By Lord Castleton | Think Pieces | May 17, 2017 |

By Lord Castleton | Think Pieces | May 17, 2017 |

Somewhere around 2000, I was living on a lake in Massachusetts.

One fateful day, I had a clogged drain that I couldn’t quite manage to snake on my own, and I had to call for a pro. I found a drain specialist in some print ad like a penny saver or whatever and called him in.

His name was Ray. He fixed me up lickety-split and in chatting with him afterwards, I found out that he had just opened this company and gone out on his own and that he was actually a fully licensed plumber.

So I suggested that he add that qualification to his advertisement, since it would carry more weight, and also that he could do, y’know, full plumbing jobs. Not just drains. He was aware of the internet, but it was still uncharted territory for him, so I made him an account on Yelp or something and wrote his first testimonial. That he was “excellent and quick and cheap as hell price-wise.” Because of that one thing I wrote, he got a ton of business. I never knew until years later.

Ray loved the lake. He just loved it. He couldn’t stop talking about how nice of an area it was and how peaceful it made him feel. And he wasn’t kidding about it. The second something opened up in the area, he grabbed it. It happened to be the house next to me. And he’s lived here for nearly twenty years. I moved to California for the better part of a decade and when I came back, Ray was still here. Here’s a picture I snapped just now, the view off my back deck. I have a little red shed on my property where we store all of our lake things, and behind it is Ray’s house.


Ray is a handsome, powerfully-built, single man in his mid thirties. He’s still a licensed plumber, and that’s how he spends his days and makes his money. He has sleeves of tattoos on his arms. He’s a proverbial “non-college white.” He’s super friendly, always says hello, and floats somewhere in the ether for me between acquaintance and friend.

Politically, he couldn’t be farther from me.

He’s been genuinely trying to wrap his head around politics for several years now. While he plumbs, working with his hands, he likes to play something to listen to.

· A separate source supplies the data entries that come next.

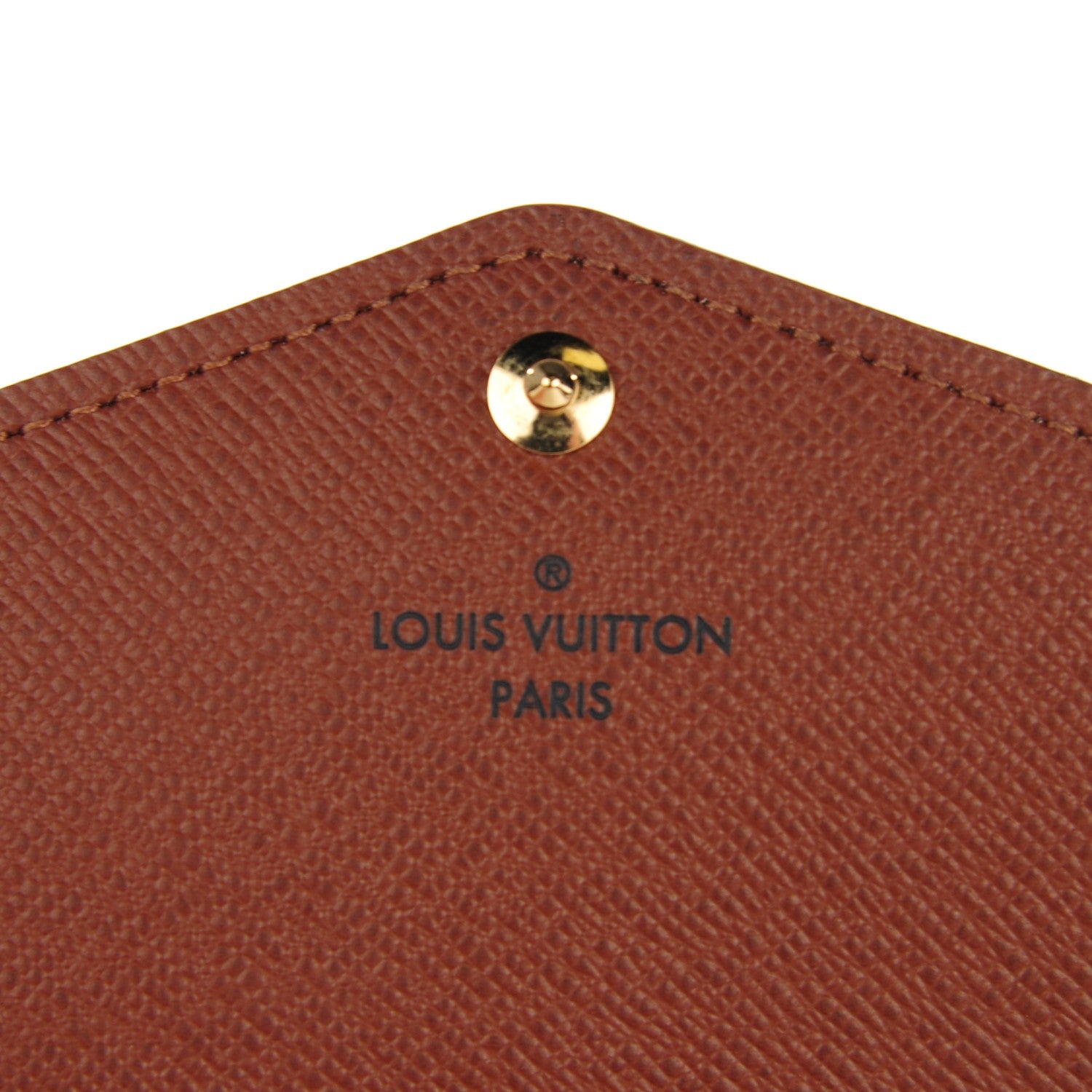Louis Vuitton Monogram Sarah Wallet NM 6 of 8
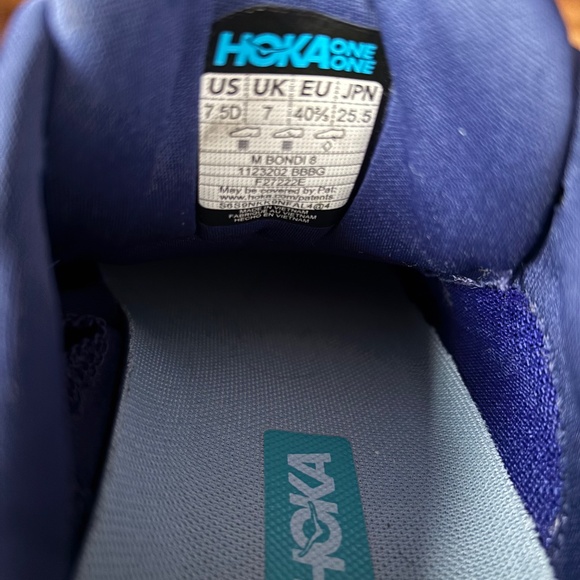Hoka Bondi 8 - Picture 3 of 4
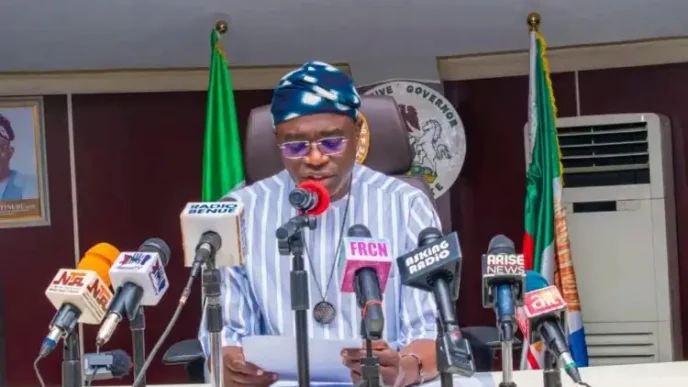 Gov Alia orders appointees seeking elective office to resign by March 30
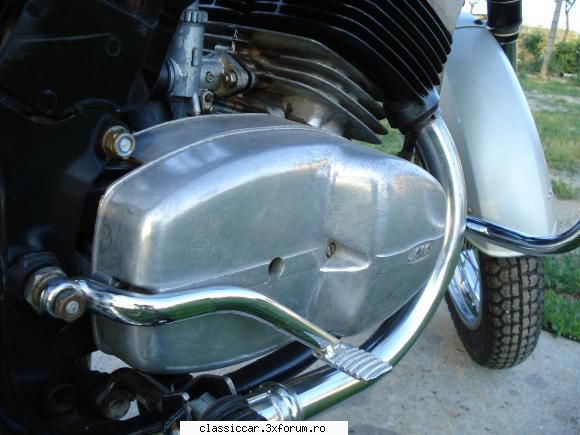 O nou� achizitie : JAWA 350 - cv2adi - Prezentare motociclete, motorete si biciclete de colectie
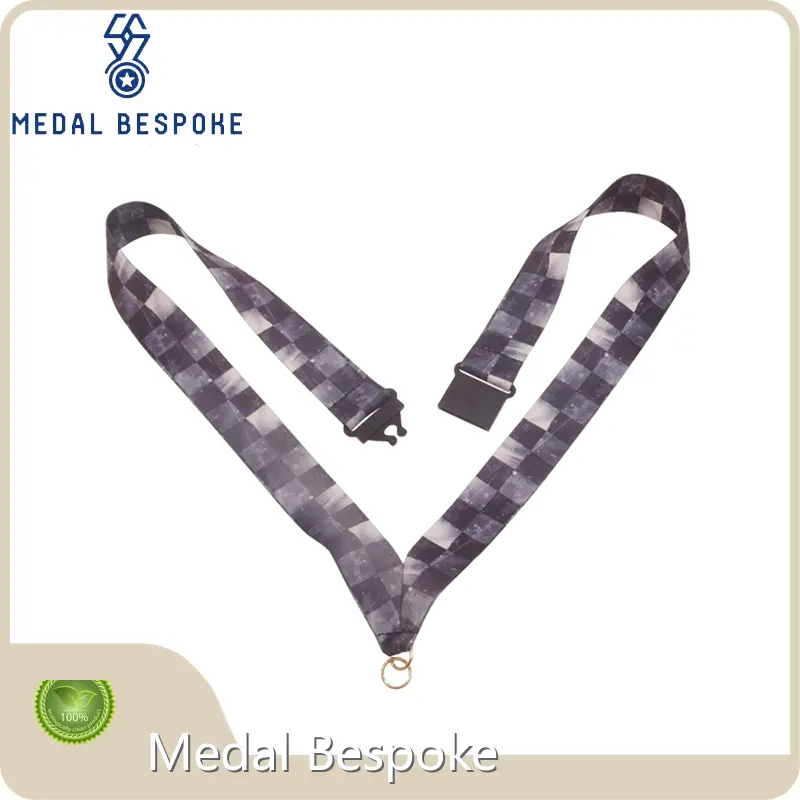 Medal Bespoke Lanyards Manufacturer Sea Freight Lanyards Manufacturercompany 1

So, all day long, day after day, he listens to things like Fox News and The Drudge Report. Because they reinforce how he feels: angry and misunderstood and left behind. That’s their magic. Some people don’t want brightness of the future. They want the anger of now. And they want to know who’s to blame for it. And of course, that answer is simple: women and Blacks and Muslims. Duh.

So here in my peaceful, lakefront hamlet, my kids are running around the yard pre-election in Hillary shirts and Ray is wearing a ‘Hillary For Prison’ shirt. And some of you will wonder how I could stomach even being cordial to him. It’s tough some days, I’ll admit it. For him, too, surely, though he never shows it.

Over the years I’ve tried to nudge him closer to center but it’s tough. He was an ardent Trump supporter. And a bit of a kook. He’s said things to me like (in his pristine Boston accent) “I think the whole system is fahkin’ rigged, brother. Mahk my words: Within five yeahs we’re all gonna be livin’ in tents up on [our local shopping mall, built on an elevated hill], just fighting for fahkin’ watah and tryin’ not to eat eachothah.”

That was his five year prediction. Like, eleven years ago. Complete societal collapse to the point of rampant cannibalism. He’s only gotten worse since then.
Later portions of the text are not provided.